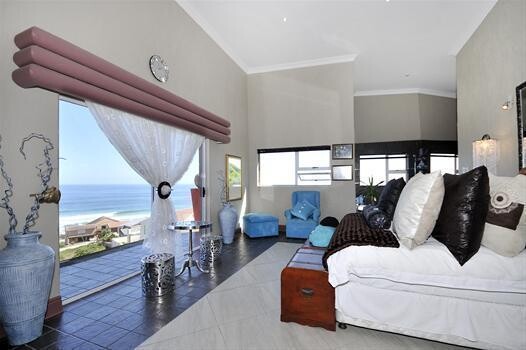Villa Shakitah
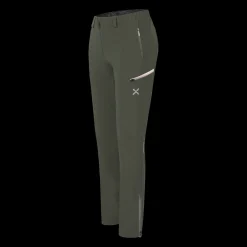 LEDGE PANTS WOMAN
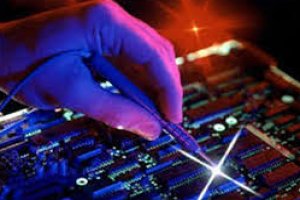 Indústria e Tecnologia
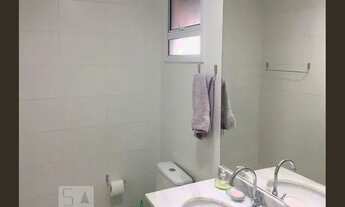 Imagem 6: Apartamento para Aluguel - Sapopemba, 2 Quartos, 58 m2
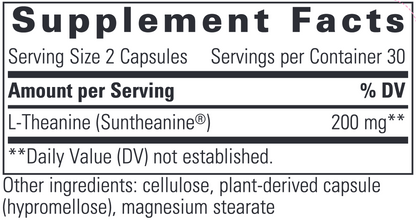 L-Theanine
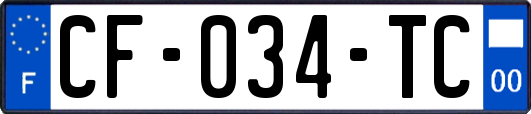 CF-034-TC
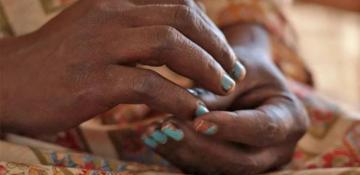 Sudan is at breaking point: 'Rape me, not my daughters'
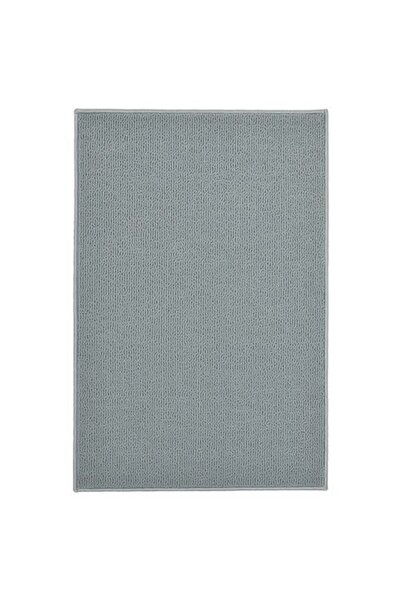 IKEA 40x60 Cm Banyo Paspası Gri Ince 40x60 Cm Banyo Paspas Kaydırmaz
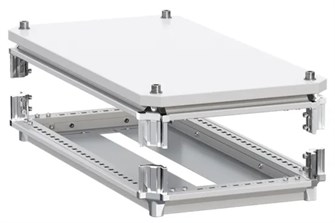 Комплект крыши и основания  EKF AleSta-RB48 156453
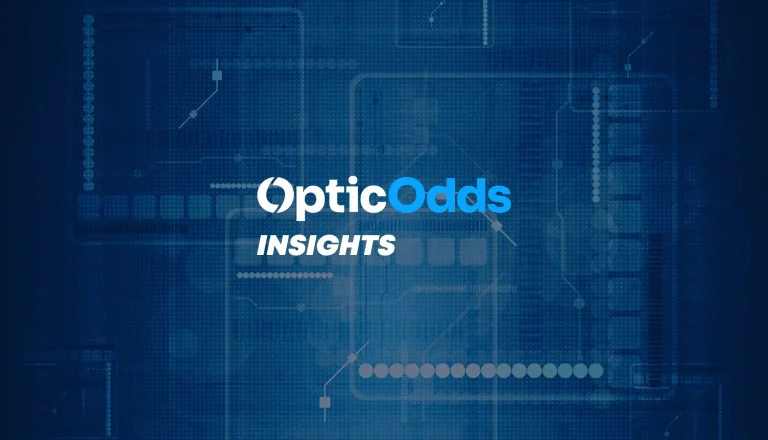 OpticOdds and Perplexity bring real-time sports betting intel to AI users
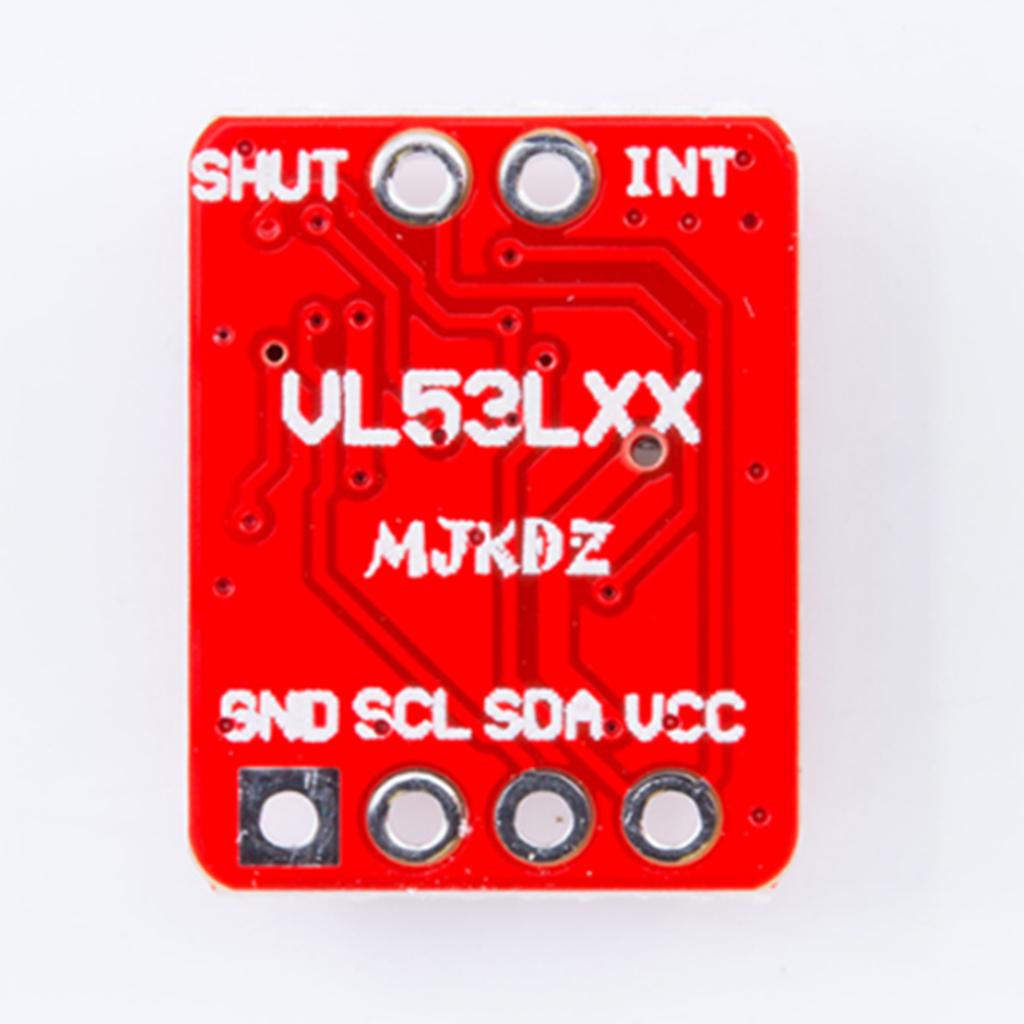 VL53L1X  Distance Sensor Module 4m Ranging Accurate Module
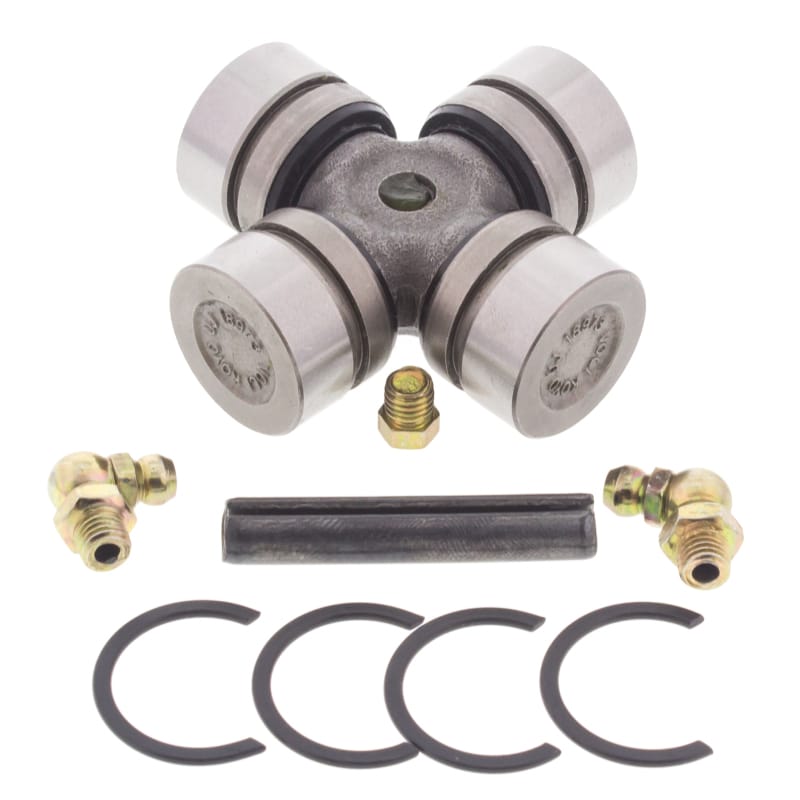 All Balls Racing — All Balls Racing 00-02 Polaris Xplorer 250 4x4 U-Joint - Front Axle Inner (Ref 1)
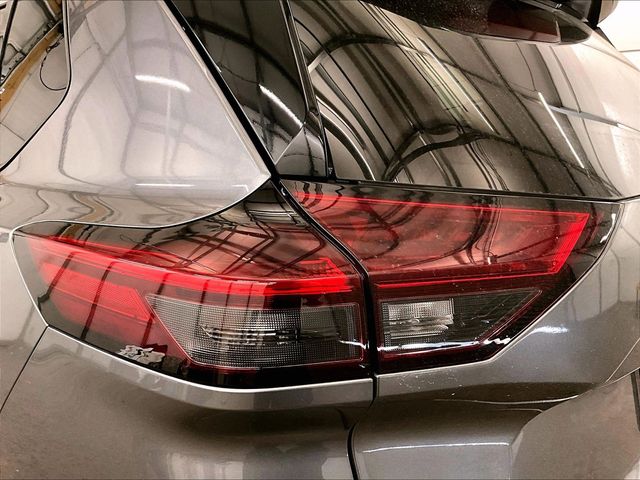 2022 Nissan Rogue SL Gray at Subaru and VW of Moon Township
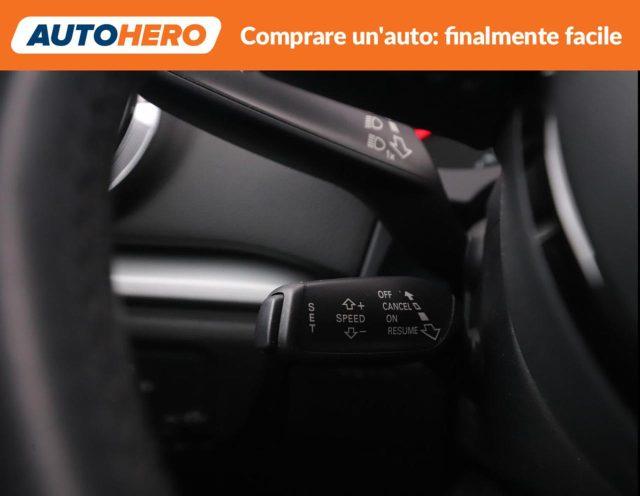 AUDI A3 SPB 2.0 TDI 150 CV clean diesel Ambition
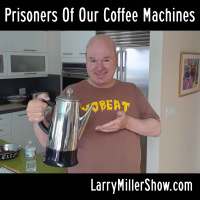 Prisoners Of Our Coffee Machines
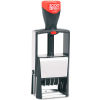 2000 PLUS&#174; Self-Inking Heavy Duty Stamps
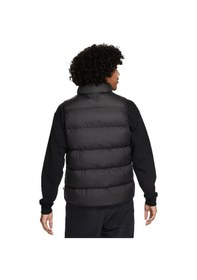Resim Nike M Nk Sf Wr Pl-Fld Vest Erkek Yelek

#### [DIRECTIONS]
Write out each record exactly as shown, but not its pictures.

#### [SOLUTION FOR THIS EXERCISE]
Villa Shakitah
 LEDGE PANTS WOMAN
 Indústria e Tecnologia
 Imagem 6: Apartamento para Aluguel - Sapopemba, 2 Quartos, 58 m2
 L-Theanine
 CF-034-TC
 Sudan is at breaking point: 'Rape me, not my daughters'
 IKEA 40x60 Cm Banyo Paspası Gri Ince 40x60 Cm Banyo Paspas Kaydırmaz
 Комплект крыши и основания  EKF AleSta-RB48 156453
 OpticOdds and Perplexity bring real-time sports betting intel to AI users
 VL53L1X  Distance Sensor Module 4m Ranging Accurate Module
 All Balls Racing — All Balls Racing 00-02 Polaris Xplorer 250 4x4 U-Joint - Front Axle Inner (Ref 1)
 2022 Nissan Rogue SL Gray at Subaru and VW of Moon Township
 AUDI A3 SPB 2.0 TDI 150 CV clean diesel Ambition
 Prisoners Of Our Coffee Machines
 2000 PLUS&#174; Self-Inking Heavy Duty Stamps
Resim Nike M Nk Sf Wr Pl-Fld Vest Erkek Yelek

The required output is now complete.